The Supreme Court will hear the case of a Colorado bakery who refused to make a wedding cake for a gay couple.
Back in 2012, Jack Phillips, the owner of the Masterpiece Cakeshop in Lakewood, maintained that making a wedding cake for Charlie Craig and David Mullins would violate his religious belief that marriage is between one man and one woman.
He was charged with violating Colorado’s anti-discrimination law, which bars businesses from denying service to customers based on race, religion, sex or sexual orientation. Phillips appealed but the Colorado Supreme Court declined to hear his case, so, in July 2016, he filed a petition with the Supreme Court.

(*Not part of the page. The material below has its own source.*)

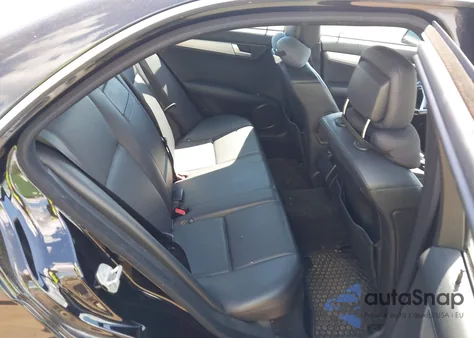 2013 Mercedes-Benz C 300 Sport 4Matic из США, поврежденный, VIN WDDGF8AB9DR301546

“I’m not running a sandwich shop or a café, and I’m not just a cake baker,” Phillips said last year. “I’m also a cake artist. And, like all artists, I communicate messages through what I create. It’s not about selling cookies or cupcakes—it’s about investing some part of my creative soul into communicating an idea my heart rejects.”
He’s also reportedly refused to make cakes that celebrate Halloween, that have an “anti-American or anti-family theme,” or that have profane messages. (While his appeal was being considered, Phillips stopped making wedding cakes altogether.)
Phillips is being represented by the Alliance Defending Freedom, which has previously defended the Boy Scouts’ ban on gay troop leaders, California’s Prop 8 and a wedding photographer who refused to shoot a civil union.
There is no federal anti-discrimination law protecting LGBT Americans, but 21 states have public accommodation laws that protect gays and lesbians. At the same time, several states have enacted so-called “religious freedom” laws that protect businesses and individuals who discriminate against LGBT Americans.
The case, which will be heard in the fall, will doubtless have a massive impact on the ongoing issue.
The high court was previously slated to hear the case of Gavin Grimm, the trans teen suing his Virginia school district for the right to use the men’s bathroom, but later decided to send the case back to the lower court.